*Goal of the exercise*
Working through the data below, reproduce word for word the line with "Tiny photo for" and every line after it, both ends included, and omit the pictures.
BEGIN Data provided
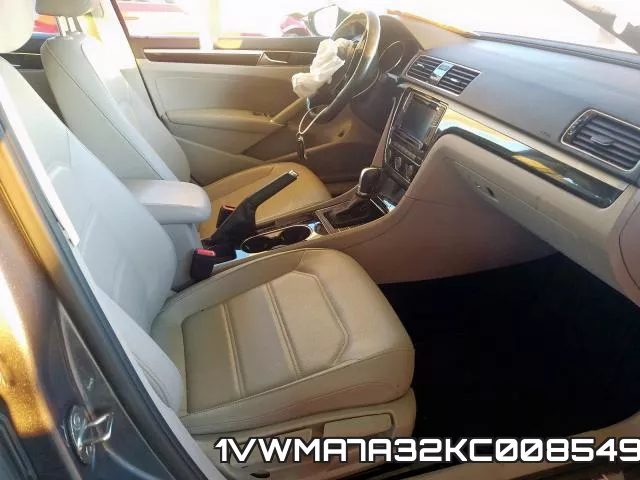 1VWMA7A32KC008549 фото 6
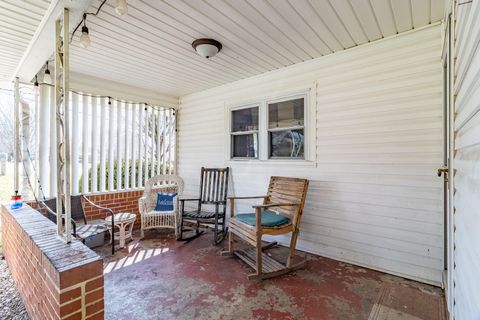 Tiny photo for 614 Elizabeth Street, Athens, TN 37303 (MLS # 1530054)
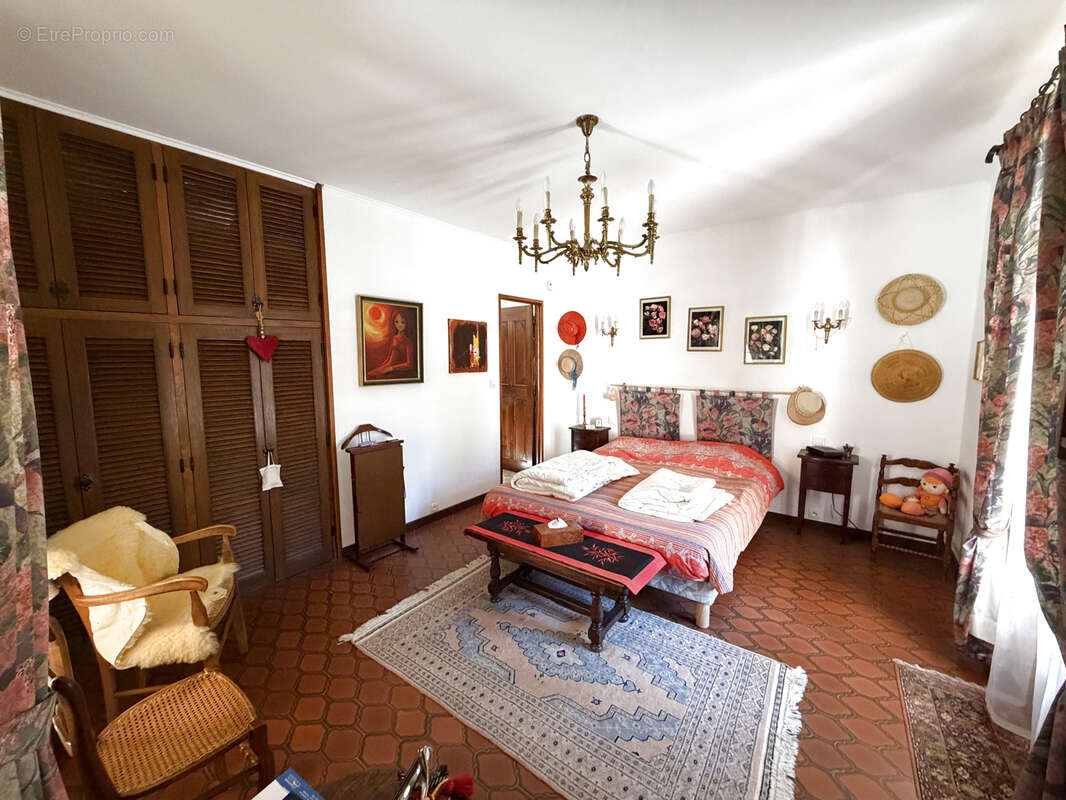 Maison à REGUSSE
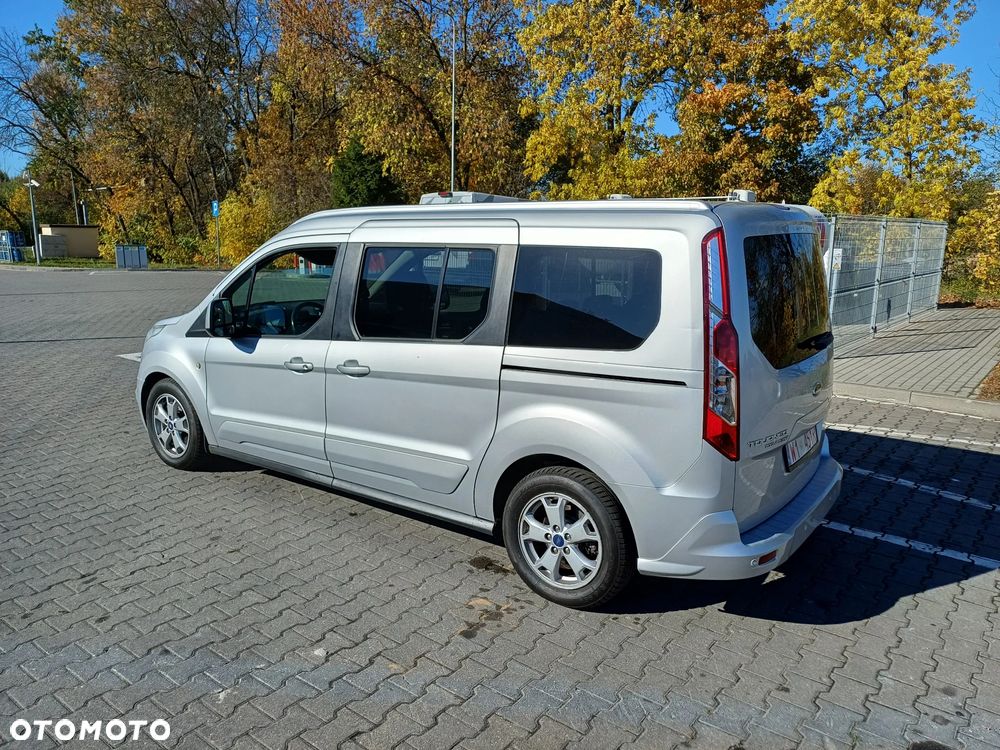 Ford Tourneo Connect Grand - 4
END Data provided
*Reply*
 Tiny photo for 614 Elizabeth Street, Athens, TN 37303 (MLS # 1530054)
 Maison à REGUSSE
 Ford Tourneo Connect Grand - 4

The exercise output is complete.